Task material START

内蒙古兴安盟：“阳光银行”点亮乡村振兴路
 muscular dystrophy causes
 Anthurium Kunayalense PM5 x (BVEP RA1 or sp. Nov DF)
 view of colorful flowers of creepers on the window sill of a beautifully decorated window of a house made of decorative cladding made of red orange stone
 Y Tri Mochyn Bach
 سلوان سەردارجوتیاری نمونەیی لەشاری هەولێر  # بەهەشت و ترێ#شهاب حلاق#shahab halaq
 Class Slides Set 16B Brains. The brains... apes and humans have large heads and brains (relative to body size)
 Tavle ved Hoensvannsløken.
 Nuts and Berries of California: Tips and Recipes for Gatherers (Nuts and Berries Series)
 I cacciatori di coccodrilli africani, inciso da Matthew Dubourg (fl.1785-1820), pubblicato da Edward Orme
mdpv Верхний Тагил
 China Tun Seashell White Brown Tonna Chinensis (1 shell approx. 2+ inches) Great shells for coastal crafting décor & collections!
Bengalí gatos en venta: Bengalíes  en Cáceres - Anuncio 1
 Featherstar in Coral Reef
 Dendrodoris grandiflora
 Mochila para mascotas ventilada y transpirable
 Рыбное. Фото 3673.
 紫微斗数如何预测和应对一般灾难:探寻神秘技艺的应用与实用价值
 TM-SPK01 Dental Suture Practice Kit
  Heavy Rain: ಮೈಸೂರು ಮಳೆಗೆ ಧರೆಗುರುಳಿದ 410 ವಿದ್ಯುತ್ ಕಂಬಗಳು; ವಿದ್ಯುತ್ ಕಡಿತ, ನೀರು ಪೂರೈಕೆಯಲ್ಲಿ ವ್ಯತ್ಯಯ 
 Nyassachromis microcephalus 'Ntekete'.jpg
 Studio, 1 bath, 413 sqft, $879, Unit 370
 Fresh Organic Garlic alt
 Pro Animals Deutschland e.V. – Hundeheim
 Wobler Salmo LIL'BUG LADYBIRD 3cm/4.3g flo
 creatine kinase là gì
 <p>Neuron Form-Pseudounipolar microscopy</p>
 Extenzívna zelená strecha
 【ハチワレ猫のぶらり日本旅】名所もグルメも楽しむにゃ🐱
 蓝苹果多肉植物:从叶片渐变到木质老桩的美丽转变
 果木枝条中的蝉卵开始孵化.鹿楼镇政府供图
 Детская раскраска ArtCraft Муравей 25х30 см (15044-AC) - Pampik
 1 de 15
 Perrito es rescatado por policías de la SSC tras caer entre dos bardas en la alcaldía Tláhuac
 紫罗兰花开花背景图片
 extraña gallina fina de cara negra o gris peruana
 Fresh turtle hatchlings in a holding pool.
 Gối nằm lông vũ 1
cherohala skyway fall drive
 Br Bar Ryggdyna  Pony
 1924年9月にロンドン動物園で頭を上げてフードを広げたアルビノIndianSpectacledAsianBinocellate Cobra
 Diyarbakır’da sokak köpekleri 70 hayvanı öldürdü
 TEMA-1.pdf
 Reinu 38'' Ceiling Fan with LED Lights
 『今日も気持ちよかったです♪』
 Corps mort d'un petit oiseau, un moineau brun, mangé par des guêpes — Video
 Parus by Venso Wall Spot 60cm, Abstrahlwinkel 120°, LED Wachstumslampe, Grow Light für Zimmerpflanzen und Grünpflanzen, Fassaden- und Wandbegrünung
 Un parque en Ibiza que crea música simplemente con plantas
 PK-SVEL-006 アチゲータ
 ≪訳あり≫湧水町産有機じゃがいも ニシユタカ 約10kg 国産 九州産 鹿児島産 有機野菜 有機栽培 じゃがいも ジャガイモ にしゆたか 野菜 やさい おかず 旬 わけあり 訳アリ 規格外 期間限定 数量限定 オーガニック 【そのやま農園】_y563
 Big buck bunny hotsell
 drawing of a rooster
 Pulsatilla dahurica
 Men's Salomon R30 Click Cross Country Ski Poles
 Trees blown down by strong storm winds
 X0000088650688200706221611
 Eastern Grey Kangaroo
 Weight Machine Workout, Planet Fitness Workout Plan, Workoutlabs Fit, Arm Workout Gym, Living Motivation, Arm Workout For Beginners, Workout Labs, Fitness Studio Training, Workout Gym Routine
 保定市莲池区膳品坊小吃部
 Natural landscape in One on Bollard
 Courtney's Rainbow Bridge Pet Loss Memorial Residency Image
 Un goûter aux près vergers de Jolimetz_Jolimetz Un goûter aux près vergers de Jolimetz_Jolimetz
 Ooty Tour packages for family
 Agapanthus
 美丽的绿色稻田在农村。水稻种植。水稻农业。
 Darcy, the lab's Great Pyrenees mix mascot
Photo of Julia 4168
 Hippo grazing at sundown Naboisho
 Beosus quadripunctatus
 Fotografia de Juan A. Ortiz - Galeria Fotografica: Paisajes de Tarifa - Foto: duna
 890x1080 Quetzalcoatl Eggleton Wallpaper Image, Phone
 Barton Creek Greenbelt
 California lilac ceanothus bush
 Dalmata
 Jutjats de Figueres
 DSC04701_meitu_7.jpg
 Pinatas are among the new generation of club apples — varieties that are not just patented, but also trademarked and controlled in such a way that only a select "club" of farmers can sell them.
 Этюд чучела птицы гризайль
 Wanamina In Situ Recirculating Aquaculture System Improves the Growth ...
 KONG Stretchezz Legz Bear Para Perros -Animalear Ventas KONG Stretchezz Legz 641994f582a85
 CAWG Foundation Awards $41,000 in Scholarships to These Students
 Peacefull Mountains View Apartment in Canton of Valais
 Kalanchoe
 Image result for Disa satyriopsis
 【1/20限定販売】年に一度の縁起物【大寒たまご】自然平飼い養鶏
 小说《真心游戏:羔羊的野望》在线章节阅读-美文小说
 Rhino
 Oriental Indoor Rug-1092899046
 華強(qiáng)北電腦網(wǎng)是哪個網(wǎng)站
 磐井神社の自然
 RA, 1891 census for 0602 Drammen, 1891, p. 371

Task material END

What you should do ::
Across the whole listing above, tally each line where the string "Great" occurs, and give the number and nothing more.

Solution below ::
2